Town Meeting rejects digital signage article
Town Meeting voters rejected Article 42 on Tuesday. (Photo/Laura Hayes)

SHREWSBURY – Shrewsbury residents rejected digital signage.

On May 21, the second day of Shrewsbury’s Annual Town Meeting, the town’s body of elected representatives rejected Article 42, which would have amended the town bylaws regarding digital signage, or “digital message boards,” in Shrewsbury.

Town Meeting required a standing vote to decide Article 42’s fate. Ultimately, 113 residents voted for the article, while 58 rejected it. The article needed a supermajority (two-thirds) to support the project in order for it to pass.

Throughout Town Meeting, residents argued that more digital signage would impact the “quaint nature” of the town, with some fearing that Shrewsbury streets could become too bright. Other voters wanted to see more specific restrictions on the signage.

Under the current bylaws, digital signage is allowed only in the Town Center district. The updated language in Article 42 allowed for nearly town-wide digital signage, with certain exemptions for certain districts, such as single-family residential communities.

“The proposed language includes specific design standards… It’s important to know that this would not be permitted in single-family residential areas. It would primarily be looking at commercial areas and multifamily residential areas,” Director of Planning and Economic Development Christopher McGoldrick said on May 10.

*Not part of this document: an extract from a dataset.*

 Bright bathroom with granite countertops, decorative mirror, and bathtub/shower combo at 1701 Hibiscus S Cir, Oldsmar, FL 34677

Article 42 would have allowed the Planning Board to approve the digital signage and the frequency the signage could change (hourly and daily). Only one digital sign would have been allowed per property provided that designs did not change more than hourly and did not include flashing or moving lights.

Town Meeting members feared traffic might have been impacted by the signs. Article 42 said that the signs could not be bright enough that they “impair the vision or endanger the safety and welfare of any pedestrian.” The digital signs could not have included any “movement, animation, audio, video, pyrotechnics, or other special effects.”

Article 42 allowed message boards to advertise only services or goods available on the property, and signs must not have been illuminated 30 minutes before opening or after closing. The article also covered digital displays visible through business windows, and contained special provisions for municipally-owned buildings.

The bylaw change had been asked for by local businesses, McGoldrick said in the months leading up to the meeting. In other meetings, Planning Board members – who unanimously recommended the changes – said that digital signage was a way to “modernize” the town.

“I think digital signage is the way of the future. You drive around and you see what’s on other roads – but it’s got to be regulated. Otherwise, it’s a free-for-all,” Planning Board member Stephan Rodolakis said at a May 2 meeting.